**Data for review:**
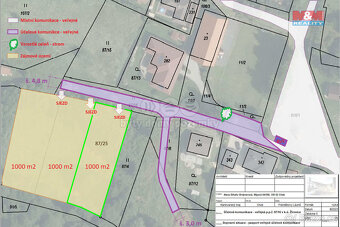 Prodej pozemku k bydlení, 1000 m², Františkovy Lázně - 14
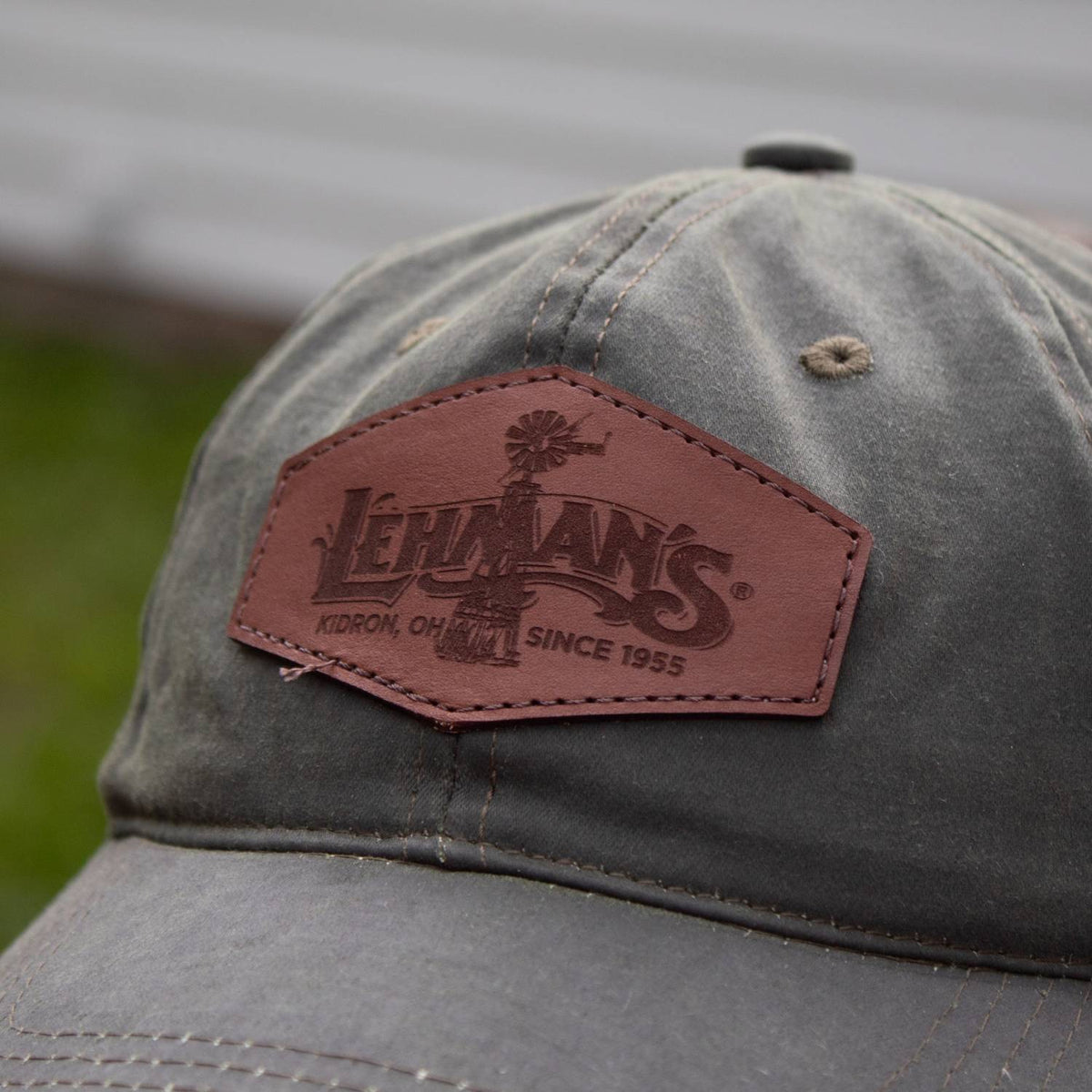 Lehman's Leather Patch Hat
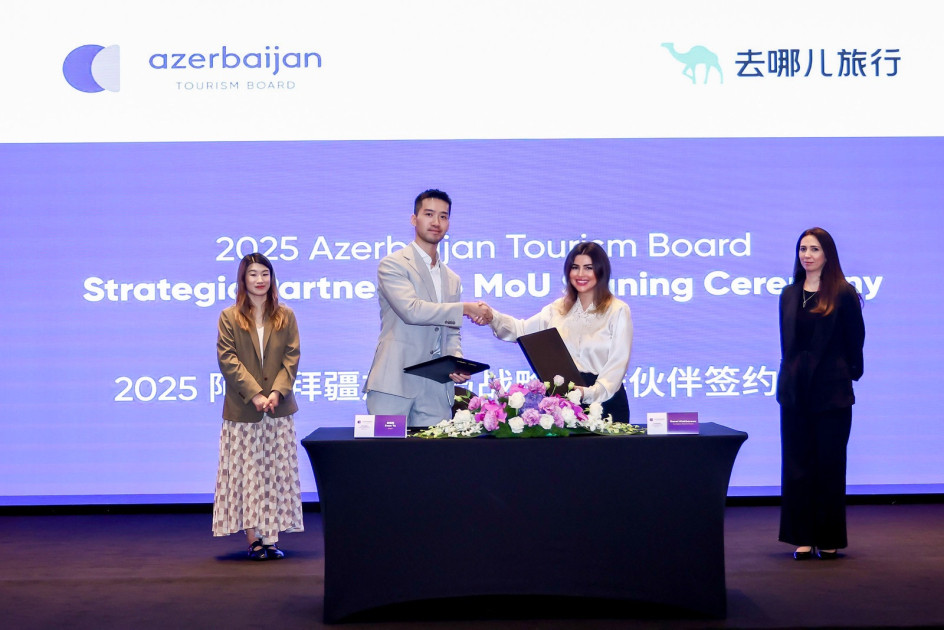 Azərbaycan ilə Çin arasında turizm əlaqələri möhkəmləndirilir<font color=red> - FOTOLAR</font>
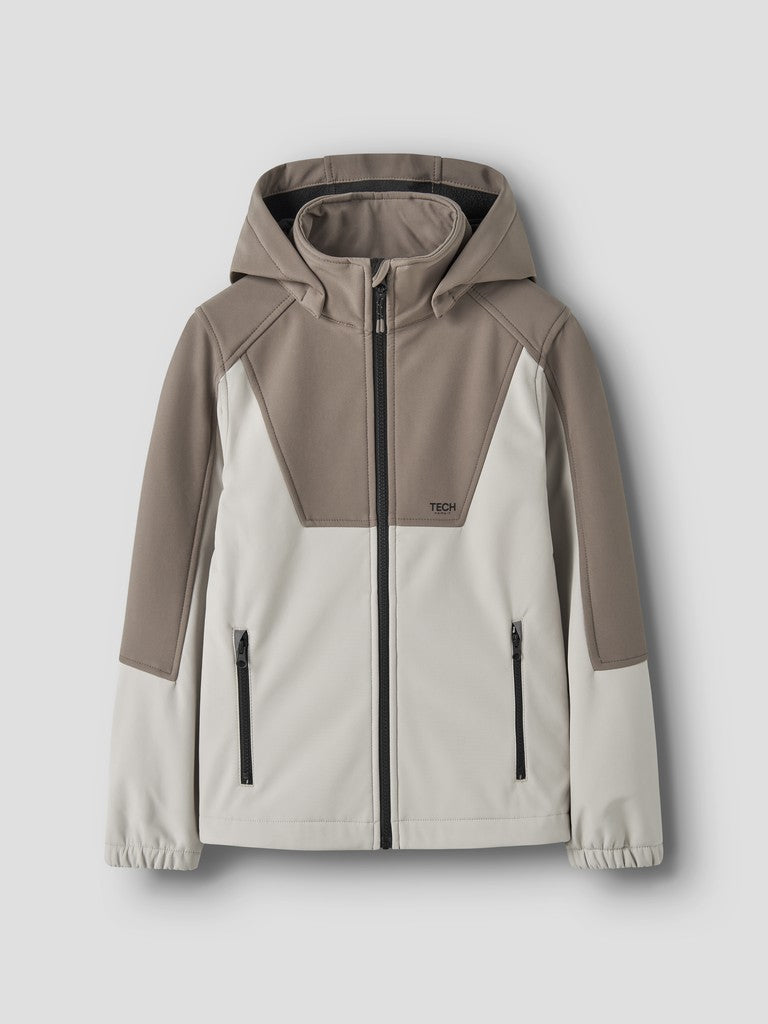 Softshell Jacka K Vattentät Alfa08 Brun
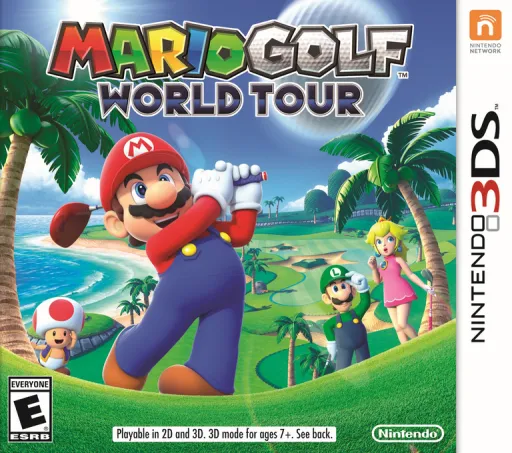 Mario Golf - World Tour (USA) (En,Fr,Es)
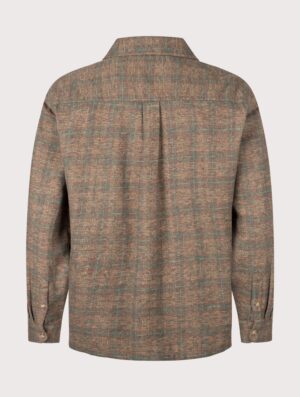 Carhartt WIP Loose Fit Bagley Shirt Bagley Check/Hamilton Brown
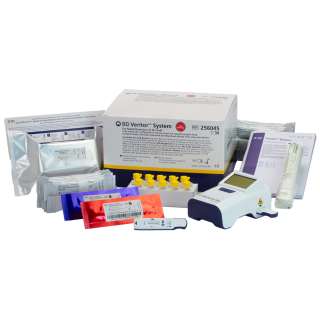 BD  # 256045 - Veritor Influenza A/B Test Reader, CLIA Waived, Rapid Diagnostic Tool, 30/BX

**Task details:** What is needed is a verbatim copy of the lines from the line with "Lehman's Leather Patch Hat" through the last line of the listing, pictures excluded.

**Response to the exercise:**
 Lehman's Leather Patch Hat
 Azərbaycan ilə Çin arasında turizm əlaqələri möhkəmləndirilir<font color=red> - FOTOLAR</font>
 Softshell Jacka K Vattentät Alfa08 Brun
 Mario Golf - World Tour (USA) (En,Fr,Es)
 Carhartt WIP Loose Fit Bagley Shirt Bagley Check/Hamilton Brown
 BD  # 256045 - Veritor Influenza A/B Test Reader, CLIA Waived, Rapid Diagnostic Tool, 30/BX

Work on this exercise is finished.